Lale hanımın bakışlarıyla karşılaşmak üzerimde düşündüğüm etkiyi yaratmadı. Her zaman dehşete düşerdim onun o kin dolu gözlerini gördüğüm zaman ama şimdi kayıtsızca bakıyordum onlara. Umurumda değildi, başıma gelebilecek en kötü şey gelmek üzereydi zaten, kalbimin en derinleri kor gibi alevler içindeydi Celil orada yatarken. Böyle şeyler artık beni korkutmuyordu o yüzden.
Lale hanım bana doğru gelmeye başlayınca Mahir aramıza girdi.
-Lale teyze sakin ol, Celil'i düşün.
Ama Lale hanımın gözü onu görmüyordu, eliyle Mahiri itip benim üzerime yürüdü.
-Sen benim torunumu benden saklayabileceğini mi sandın? Çocuğunu oğlumdan kaçırabileceğini mi düşündün? Sen kimsin de bizden çocuğumuzu alacaksın?
Kolumdan tuttu ama annem izin vermedi daha ileri gitmesine.
-Lale hanım, evlat yalnız sende yok, benim de evladım benim de torunum. Çocuğumu böyle itip kakmana izin vermem.
Bu sefer beni bırakıp anneme döndü.
-Sen evlattan ne anlarsın? Sen bu kızı bize üç kuruş için satmadın mı?
Annemin yüzü bembeyaz oldu. Ama Lale hanım durmuyordu.
-Herkes geçmişini unutmuş, ama ben unutmam. Senin bu yaptığın tam da senden beklenecek davranış. Anasından babasından sevgi görmemiş, çocuğunu elbette düşünmez. Babasız kalması umurunda olmaz. Senin annelikle ne işin olur? Allah biliyor da başımıza bu müsibeti sardı, yoksa belki de ömür boyu öğrenmeyecektik.

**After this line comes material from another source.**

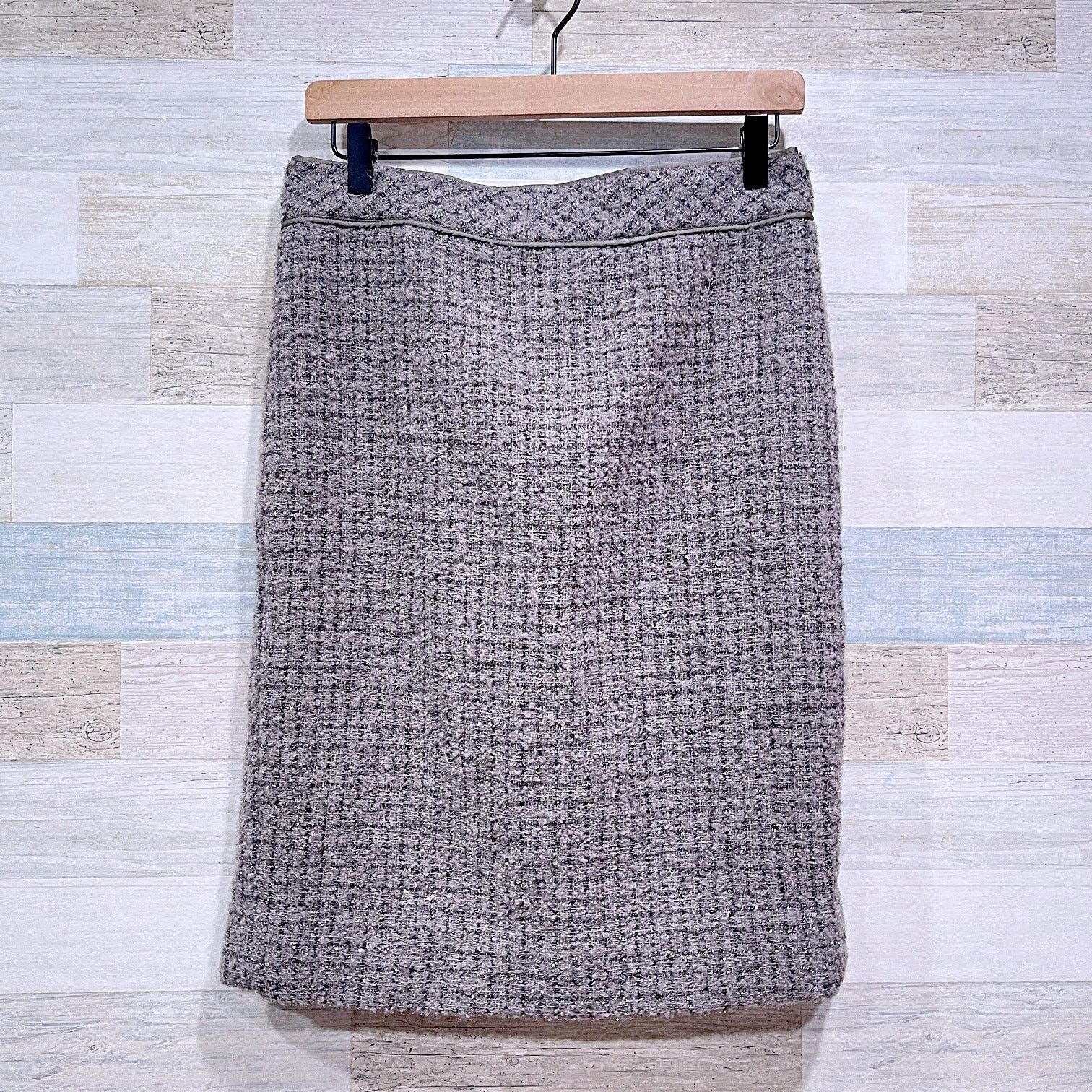 J.Crew J CREW No.2 Pencil Skirt Gray Metallic Boucle Womens 4 Size 27" / US 4 / IT 40 - 2 Thumbnail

Annem kendini biraz toparlayınca yine benimle onun arasına girdi.
-Yeter kızımı daha fazla hırpalama. Sana verecek hesabımız yok bizim. Bir hesap verecekse Nazenin bebeğinin babasına verir. Geçmişimi unutmadım ama şimdi buradayım. Bir daha kimse benim kızıma dokunamayacak. Babası yok ama ben ikimizin yerine de buradayım, onun yanındayım.

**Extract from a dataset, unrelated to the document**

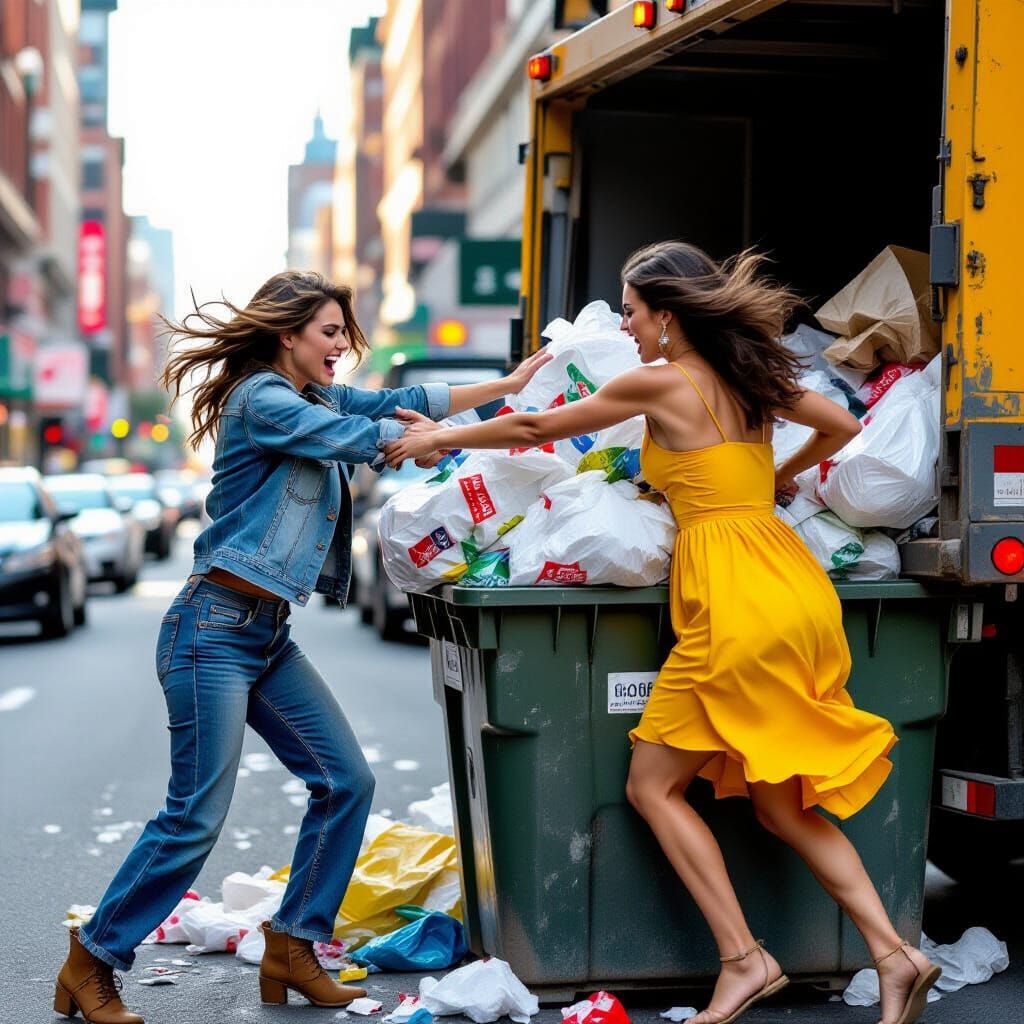 Woman Throws Woman in Dumpster: Urban Photography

Annemin yüzüne o kadar alaycı bakıyordu ki daha fazla dayanamadım.
-Lale hanım, ben de annem de geçmişimizi unutmadık. Herkesin geçmişinde utanç duyduğu şeyler vardır mutlaka ama geçmiş adı üstünde geçmişte kaldı. Bence hiçbirimiz geçmişi tekrar gündeme getirmezsek daha hayırlı olur.

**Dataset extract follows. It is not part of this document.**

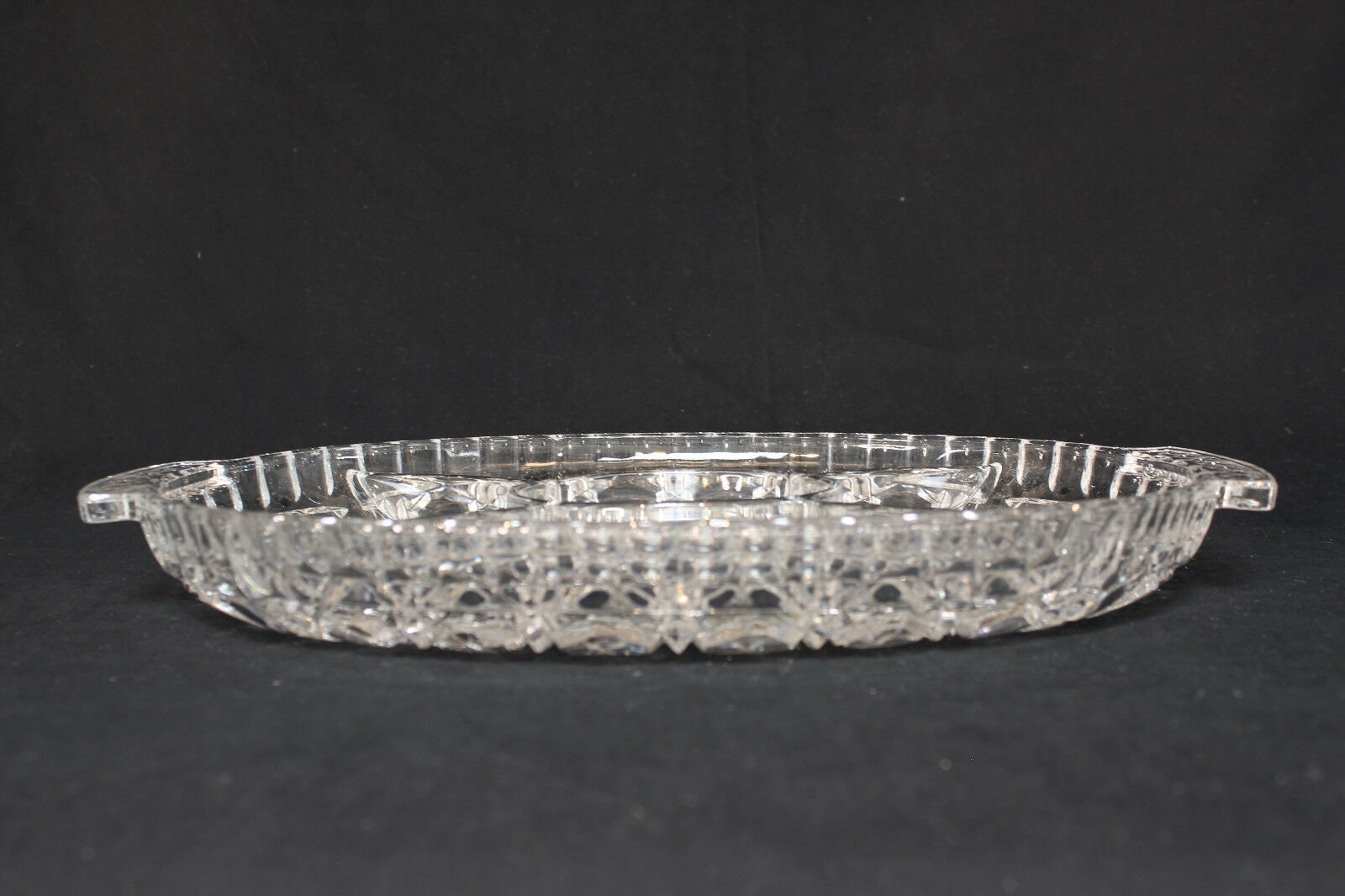 Vintage Heavy Lead Crystal Tray Oval Relish Tray Glass Tray Etsy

Ne demek istediğimi tabi ki anında anladı ve bir an gözü döndü. Böyle bir şey yaptığıma ben de inanamıyordum, bir insanı bu şekilde tehdit etmek, bana verilen bir sırrı böyle kullanmak asla yapacağım bir şey değildi ama artık gücümün son noktasındaydım. Her şey üzerime geliyordu ve altından sağ salim çıkabilmem için Celil'in yaşaması gerekiyordu.
Lale hanımın sesi şimdi daha da kin doluydu.
-Senin böyle bir iblis olduğunu ben başından beri anlamıştım, utanmıyorsun da değil mi? Oğlum orada can çekişirken, ondan evladını sakladığın ortaya çıkmışken yüzünü yerden kaldıramaman gerekirken bir de bana üstten üstten konuşuyorsun. Ah benim evladım, olan sana oldu. Kalk da bir gör canını vereceğin kadının arkandan çevirdiği işleri.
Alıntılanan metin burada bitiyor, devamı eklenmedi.